Stored data
===

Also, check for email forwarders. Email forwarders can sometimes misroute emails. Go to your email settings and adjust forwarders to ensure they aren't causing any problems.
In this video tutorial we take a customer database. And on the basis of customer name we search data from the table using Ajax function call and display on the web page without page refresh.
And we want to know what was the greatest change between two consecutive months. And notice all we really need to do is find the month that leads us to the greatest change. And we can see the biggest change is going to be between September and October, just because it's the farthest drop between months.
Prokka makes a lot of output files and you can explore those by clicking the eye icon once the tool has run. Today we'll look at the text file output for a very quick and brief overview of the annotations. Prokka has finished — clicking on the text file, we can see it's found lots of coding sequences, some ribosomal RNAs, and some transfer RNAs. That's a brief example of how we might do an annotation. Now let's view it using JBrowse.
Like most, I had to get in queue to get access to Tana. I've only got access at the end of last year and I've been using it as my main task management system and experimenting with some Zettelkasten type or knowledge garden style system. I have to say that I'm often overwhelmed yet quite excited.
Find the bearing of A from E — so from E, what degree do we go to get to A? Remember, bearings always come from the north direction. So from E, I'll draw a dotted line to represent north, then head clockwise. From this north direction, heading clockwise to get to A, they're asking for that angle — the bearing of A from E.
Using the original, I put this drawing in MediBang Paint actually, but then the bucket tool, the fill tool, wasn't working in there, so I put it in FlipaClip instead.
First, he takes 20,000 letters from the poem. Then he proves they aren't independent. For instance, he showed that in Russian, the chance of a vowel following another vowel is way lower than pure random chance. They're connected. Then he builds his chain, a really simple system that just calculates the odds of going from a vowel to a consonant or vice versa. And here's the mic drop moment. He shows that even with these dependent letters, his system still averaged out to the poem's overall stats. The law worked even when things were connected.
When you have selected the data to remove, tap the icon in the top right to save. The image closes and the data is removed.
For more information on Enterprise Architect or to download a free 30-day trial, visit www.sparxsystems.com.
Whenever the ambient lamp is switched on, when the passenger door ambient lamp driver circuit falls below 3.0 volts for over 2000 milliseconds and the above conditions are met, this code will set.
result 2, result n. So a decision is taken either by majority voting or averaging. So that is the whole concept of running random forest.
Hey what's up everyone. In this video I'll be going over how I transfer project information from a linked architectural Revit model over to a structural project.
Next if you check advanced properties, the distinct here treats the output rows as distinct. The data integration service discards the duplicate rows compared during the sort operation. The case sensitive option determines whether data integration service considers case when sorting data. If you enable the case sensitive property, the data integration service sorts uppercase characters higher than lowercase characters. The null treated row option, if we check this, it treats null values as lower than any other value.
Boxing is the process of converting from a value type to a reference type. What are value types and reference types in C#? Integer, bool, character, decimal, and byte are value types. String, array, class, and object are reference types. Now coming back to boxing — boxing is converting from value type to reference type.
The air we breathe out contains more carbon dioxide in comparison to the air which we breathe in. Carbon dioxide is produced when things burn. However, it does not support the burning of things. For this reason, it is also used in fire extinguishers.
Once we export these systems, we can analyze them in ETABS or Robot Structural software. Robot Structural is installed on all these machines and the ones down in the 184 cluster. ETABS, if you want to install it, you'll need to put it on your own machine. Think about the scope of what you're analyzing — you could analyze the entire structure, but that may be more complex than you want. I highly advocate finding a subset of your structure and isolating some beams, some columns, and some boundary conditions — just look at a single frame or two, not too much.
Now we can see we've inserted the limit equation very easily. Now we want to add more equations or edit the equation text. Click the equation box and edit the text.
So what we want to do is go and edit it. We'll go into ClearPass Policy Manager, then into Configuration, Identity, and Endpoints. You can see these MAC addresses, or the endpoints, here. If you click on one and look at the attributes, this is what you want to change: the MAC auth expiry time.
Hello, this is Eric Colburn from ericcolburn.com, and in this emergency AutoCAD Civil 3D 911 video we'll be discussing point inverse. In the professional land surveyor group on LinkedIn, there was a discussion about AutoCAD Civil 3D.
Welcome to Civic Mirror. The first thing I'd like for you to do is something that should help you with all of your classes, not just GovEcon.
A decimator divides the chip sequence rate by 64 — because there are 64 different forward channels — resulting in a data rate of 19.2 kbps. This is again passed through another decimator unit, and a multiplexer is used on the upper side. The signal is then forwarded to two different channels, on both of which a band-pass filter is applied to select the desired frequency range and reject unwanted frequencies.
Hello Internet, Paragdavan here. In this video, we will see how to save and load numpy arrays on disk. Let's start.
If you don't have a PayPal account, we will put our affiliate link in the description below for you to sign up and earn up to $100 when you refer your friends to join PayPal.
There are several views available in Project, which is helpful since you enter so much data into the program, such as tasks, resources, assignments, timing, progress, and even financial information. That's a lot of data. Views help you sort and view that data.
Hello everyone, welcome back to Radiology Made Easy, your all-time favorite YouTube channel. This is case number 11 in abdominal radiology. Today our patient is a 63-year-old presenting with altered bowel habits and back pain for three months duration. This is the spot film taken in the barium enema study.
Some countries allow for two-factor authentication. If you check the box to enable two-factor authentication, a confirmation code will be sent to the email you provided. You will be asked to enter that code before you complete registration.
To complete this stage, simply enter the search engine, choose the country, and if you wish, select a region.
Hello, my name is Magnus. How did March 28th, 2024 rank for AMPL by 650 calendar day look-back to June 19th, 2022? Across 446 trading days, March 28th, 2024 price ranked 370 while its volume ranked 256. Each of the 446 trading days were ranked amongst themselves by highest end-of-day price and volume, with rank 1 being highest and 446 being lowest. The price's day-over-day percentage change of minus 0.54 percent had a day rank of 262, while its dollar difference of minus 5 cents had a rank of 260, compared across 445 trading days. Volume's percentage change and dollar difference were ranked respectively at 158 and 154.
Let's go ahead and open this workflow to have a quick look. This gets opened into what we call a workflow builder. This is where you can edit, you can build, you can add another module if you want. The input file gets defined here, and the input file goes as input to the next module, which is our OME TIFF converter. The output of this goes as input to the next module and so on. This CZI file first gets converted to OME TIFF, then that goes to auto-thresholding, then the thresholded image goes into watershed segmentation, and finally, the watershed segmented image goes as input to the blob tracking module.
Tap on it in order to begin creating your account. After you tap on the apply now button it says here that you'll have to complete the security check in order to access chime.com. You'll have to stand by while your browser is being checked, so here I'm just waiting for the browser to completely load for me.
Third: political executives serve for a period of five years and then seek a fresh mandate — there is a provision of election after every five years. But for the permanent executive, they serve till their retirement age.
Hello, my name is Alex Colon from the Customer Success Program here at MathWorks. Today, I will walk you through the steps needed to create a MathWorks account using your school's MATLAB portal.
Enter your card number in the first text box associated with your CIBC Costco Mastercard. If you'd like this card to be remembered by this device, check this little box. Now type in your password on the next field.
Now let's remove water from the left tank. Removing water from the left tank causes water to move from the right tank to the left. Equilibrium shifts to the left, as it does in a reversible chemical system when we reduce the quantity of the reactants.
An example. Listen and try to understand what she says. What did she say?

===

#### [EXERCISE DIRECTIONS]
Your response should consist of the records, printed exactly.

#### [OUTPUT OF THE EXERCISE]
Also, check for email forwarders. Email forwarders can sometimes misroute emails. Go to your email settings and adjust forwarders to ensure they aren't causing any problems.
In this video tutorial we take a customer database. And on the basis of customer name we search data from the table using Ajax function call and display on the web page without page refresh.
And we want to know what was the greatest change between two consecutive months. And notice all we really need to do is find the month that leads us to the greatest change. And we can see the biggest change is going to be between September and October, just because it's the farthest drop between months.
Prokka makes a lot of output files and you can explore those by clicking the eye icon once the tool has run. Today we'll look at the text file output for a very quick and brief overview of the annotations. Prokka has finished — clicking on the text file, we can see it's found lots of coding sequences, some ribosomal RNAs, and some transfer RNAs. That's a brief example of how we might do an annotation. Now let's view it using JBrowse.
Like most, I had to get in queue to get access to Tana. I've only got access at the end of last year and I've been using it as my main task management system and experimenting with some Zettelkasten type or knowledge garden style system. I have to say that I'm often overwhelmed yet quite excited.
Find the bearing of A from E — so from E, what degree do we go to get to A? Remember, bearings always come from the north direction. So from E, I'll draw a dotted line to represent north, then head clockwise. From this north direction, heading clockwise to get to A, they're asking for that angle — the bearing of A from E.
Using the original, I put this drawing in MediBang Paint actually, but then the bucket tool, the fill tool, wasn't working in there, so I put it in FlipaClip instead.
First, he takes 20,000 letters from the poem. Then he proves they aren't independent. For instance, he showed that in Russian, the chance of a vowel following another vowel is way lower than pure random chance. They're connected. Then he builds his chain, a really simple system that just calculates the odds of going from a vowel to a consonant or vice versa. And here's the mic drop moment. He shows that even with these dependent letters, his system still averaged out to the poem's overall stats. The law worked even when things were connected.
When you have selected the data to remove, tap the icon in the top right to save. The image closes and the data is removed.
For more information on Enterprise Architect or to download a free 30-day trial, visit www.sparxsystems.com.
Whenever the ambient lamp is switched on, when the passenger door ambient lamp driver circuit falls below 3.0 volts for over 2000 milliseconds and the above conditions are met, this code will set.
result 2, result n. So a decision is taken either by majority voting or averaging. So that is the whole concept of running random forest.
Hey what's up everyone. In this video I'll be going over how I transfer project information from a linked architectural Revit model over to a structural project.
Next if you check advanced properties, the distinct here treats the output rows as distinct. The data integration service discards the duplicate rows compared during the sort operation. The case sensitive option determines whether data integration service considers case when sorting data. If you enable the case sensitive property, the data integration service sorts uppercase characters higher than lowercase characters. The null treated row option, if we check this, it treats null values as lower than any other value.
Boxing is the process of converting from a value type to a reference type. What are value types and reference types in C#? Integer, bool, character, decimal, and byte are value types. String, array, class, and object are reference types. Now coming back to boxing — boxing is converting from value type to reference type.
The air we breathe out contains more carbon dioxide in comparison to the air which we breathe in. Carbon dioxide is produced when things burn. However, it does not support the burning of things. For this reason, it is also used in fire extinguishers.
Once we export these systems, we can analyze them in ETABS or Robot Structural software. Robot Structural is installed on all these machines and the ones down in the 184 cluster. ETABS, if you want to install it, you'll need to put it on your own machine. Think about the scope of what you're analyzing — you could analyze the entire structure, but that may be more complex than you want. I highly advocate finding a subset of your structure and isolating some beams, some columns, and some boundary conditions — just look at a single frame or two, not too much.
Now we can see we've inserted the limit equation very easily. Now we want to add more equations or edit the equation text. Click the equation box and edit the text.
So what we want to do is go and edit it. We'll go into ClearPass Policy Manager, then into Configuration, Identity, and Endpoints. You can see these MAC addresses, or the endpoints, here. If you click on one and look at the attributes, this is what you want to change: the MAC auth expiry time.
Hello, this is Eric Colburn from ericcolburn.com, and in this emergency AutoCAD Civil 3D 911 video we'll be discussing point inverse. In the professional land surveyor group on LinkedIn, there was a discussion about AutoCAD Civil 3D.
Welcome to Civic Mirror. The first thing I'd like for you to do is something that should help you with all of your classes, not just GovEcon.
A decimator divides the chip sequence rate by 64 — because there are 64 different forward channels — resulting in a data rate of 19.2 kbps. This is again passed through another decimator unit, and a multiplexer is used on the upper side. The signal is then forwarded to two different channels, on both of which a band-pass filter is applied to select the desired frequency range and reject unwanted frequencies.
Hello Internet, Paragdavan here. In this video, we will see how to save and load numpy arrays on disk. Let's start.
If you don't have a PayPal account, we will put our affiliate link in the description below for you to sign up and earn up to $100 when you refer your friends to join PayPal.
There are several views available in Project, which is helpful since you enter so much data into the program, such as tasks, resources, assignments, timing, progress, and even financial information. That's a lot of data. Views help you sort and view that data.
Hello everyone, welcome back to Radiology Made Easy, your all-time favorite YouTube channel. This is case number 11 in abdominal radiology. Today our patient is a 63-year-old presenting with altered bowel habits and back pain for three months duration. This is the spot film taken in the barium enema study.
Some countries allow for two-factor authentication. If you check the box to enable two-factor authentication, a confirmation code will be sent to the email you provided. You will be asked to enter that code before you complete registration.
To complete this stage, simply enter the search engine, choose the country, and if you wish, select a region.
Hello, my name is Magnus. How did March 28th, 2024 rank for AMPL by 650 calendar day look-back to June 19th, 2022? Across 446 trading days, March 28th, 2024 price ranked 370 while its volume ranked 256. Each of the 446 trading days were ranked amongst themselves by highest end-of-day price and volume, with rank 1 being highest and 446 being lowest. The price's day-over-day percentage change of minus 0.54 percent had a day rank of 262, while its dollar difference of minus 5 cents had a rank of 260, compared across 445 trading days. Volume's percentage change and dollar difference were ranked respectively at 158 and 154.
Let's go ahead and open this workflow to have a quick look. This gets opened into what we call a workflow builder. This is where you can edit, you can build, you can add another module if you want. The input file gets defined here, and the input file goes as input to the next module, which is our OME TIFF converter. The output of this goes as input to the next module and so on. This CZI file first gets converted to OME TIFF, then that goes to auto-thresholding, then the thresholded image goes into watershed segmentation, and finally, the watershed segmented image goes as input to the blob tracking module.
Tap on it in order to begin creating your account. After you tap on the apply now button it says here that you'll have to complete the security check in order to access chime.com. You'll have to stand by while your browser is being checked, so here I'm just waiting for the browser to completely load for me.
Third: political executives serve for a period of five years and then seek a fresh mandate — there is a provision of election after every five years. But for the permanent executive, they serve till their retirement age.
Hello, my name is Alex Colon from the Customer Success Program here at MathWorks. Today, I will walk you through the steps needed to create a MathWorks account using your school's MATLAB portal.
Enter your card number in the first text box associated with your CIBC Costco Mastercard. If you'd like this card to be remembered by this device, check this little box. Now type in your password on the next field.
Now let's remove water from the left tank. Removing water from the left tank causes water to move from the right tank to the left. Equilibrium shifts to the left, as it does in a reversible chemical system when we reduce the quantity of the reactants.
An example. Listen and try to understand what she says. What did she say?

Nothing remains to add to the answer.